While most residential students left Penn State Berks for spring break on March 6, expecting to return to campus and the residence halls on March 16, some were unable to leave for a variety of reasons, including distance. The coronavirus pandemic made it necessary for Penn State Berks — along with all the other Penn State campuses — to transition to remote teaching on March 16, initially for three weeks and then for the remainder of the semester. The residential students who stayed were faced with the new reality of not being able to return home for the foreseeable future.
Initially housing 37 of its own residential students, Penn State Berks opened its doors to 11 more students from other Penn State campuses located in the eastern region of the state (Hazleton, Schuylkill and Brandywine campuses). This brought the total number of students living in Penn State Berks residence halls to 48.
For Penn State Berks sophomore Rinna Wang, the reason she wasn't able to join most of her classmates in returning home when campus shut down is because her home is in Wuhan, China. She explained in another interview, at first it seemed like the shutdown at Penn State Berks would only be temporary, that in-person classes would resume in a few weeks. By the time it was clear that wouldn't be the case, it had become difficult to get a plane ticket back to China. Wang said the highest price she normally sees for the flight is $1,000. Suddenly, ticket prices were soaring past $4,000.
According to Jonathan Kukta, director of housing and food services for Penn State Berks, Lehigh Valley and Schuylkill campuses, central administration at University Park and staff members across the University developed a game plan to support residential students on campus, while ensuring the health and safety of the entire campus community. Additional measures were put in place to comply with Governor Wolf’s social distancing orders. The Office of Housing and Food Services (HFS) provided all residential students a single room with private bath, as well as gift bags which included hand sanitizers, a face mask, a thermometer and snacks.

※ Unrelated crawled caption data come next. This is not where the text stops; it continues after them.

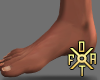 |F| Feets Perfect HD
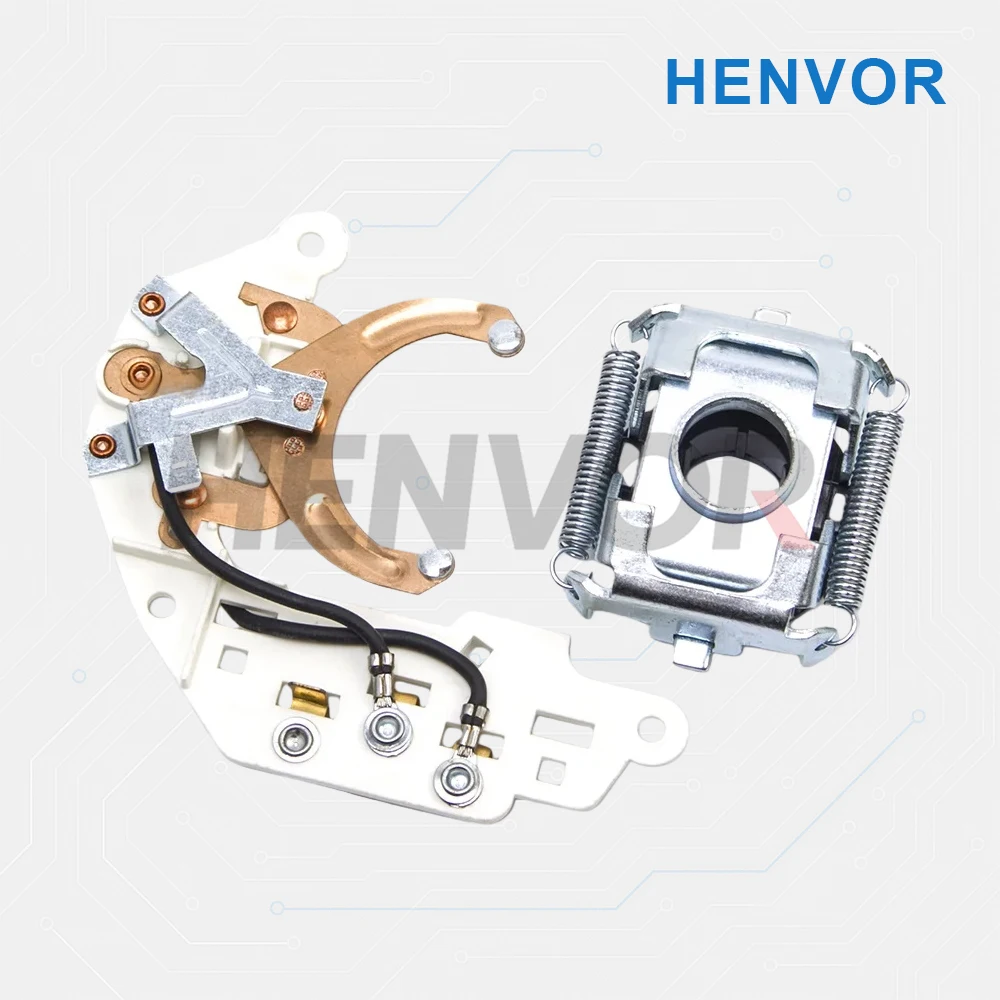 L188 202S L188 202S1 30A Single Phase Centrifugal Switch Motor Starter Control Kit With Rocker Switch
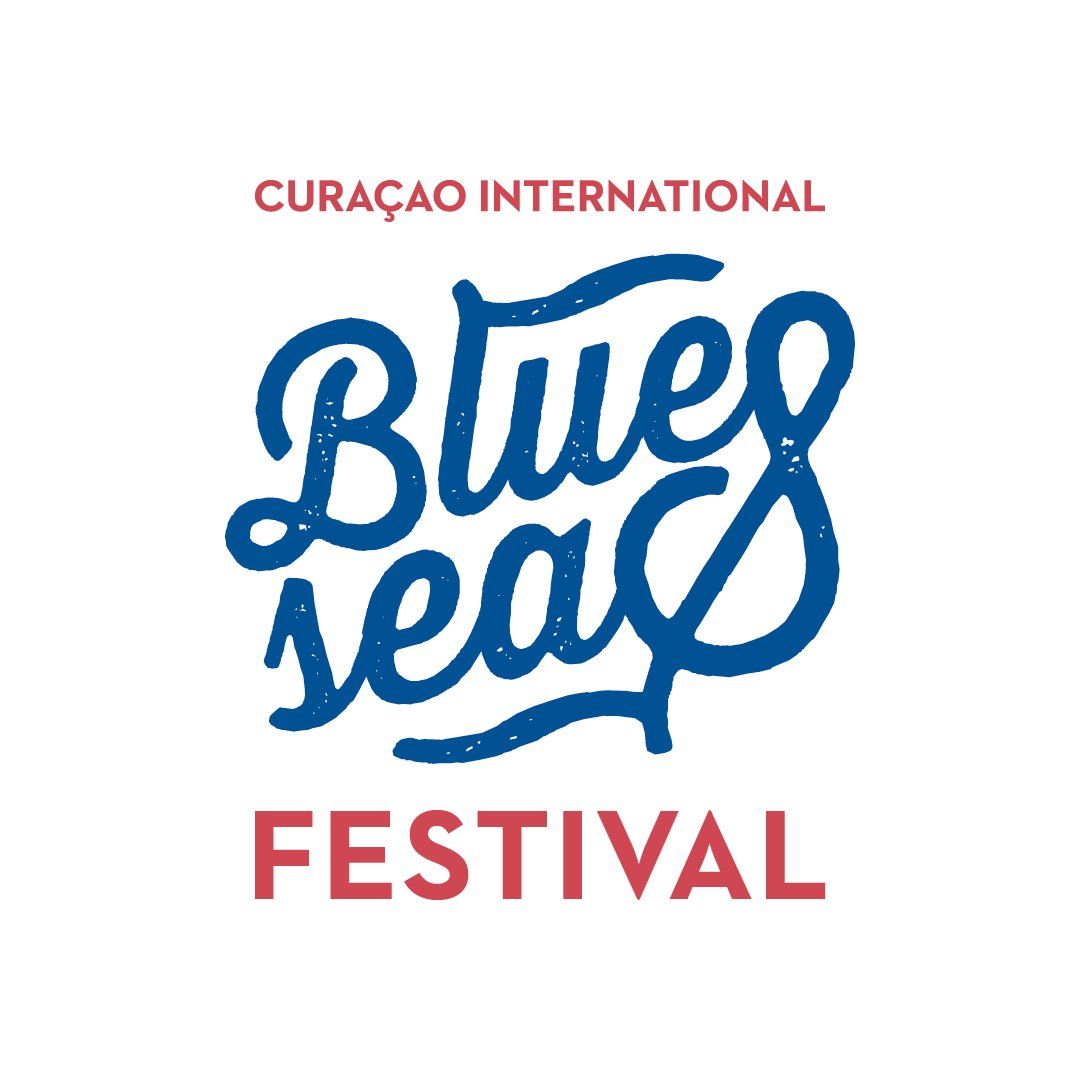 Curaçao International BlueSeas Festival logo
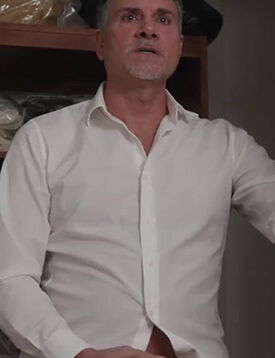 Michael Stefano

In addition, HFS has been able to continue to provide food services seven-days-a-week in Tully’s dining center. Students are able to pick up their meals and take them back to their residence halls.
The Office of Residence Life held orientation events including a tour of the campus for the students from other campuses and held virtual information sessions with various campus offices. Office of Campus Life has also held a wide variety of virtual programs and activities to keep students engaged.
Mohammed Babj, a student from the Hazleton campus commented, “My experience at Penn State Berks has been great: It is a beautiful campus and the staff have been very welcoming. If you ever visit, be sure to grab a cheeseburger from Tully’s!”
In the wake of Governor Wolf’s recent announcement that Berks County will be moving into the yellow phase beginning June 5, students will be able to begin scheduling a move-out date from their on-campus residence halls through their eLiving account only. More information about move-out can be found online at https://hfs.psu.edu/spring-housing-move-out-faqs.
Through the efforts of the Offices of Housing and Food Services, Residence Life, Campus Life, and many others working behind the scenes, Penn State Berks has been able to provide a “home away from home” for students during this unprecedented time.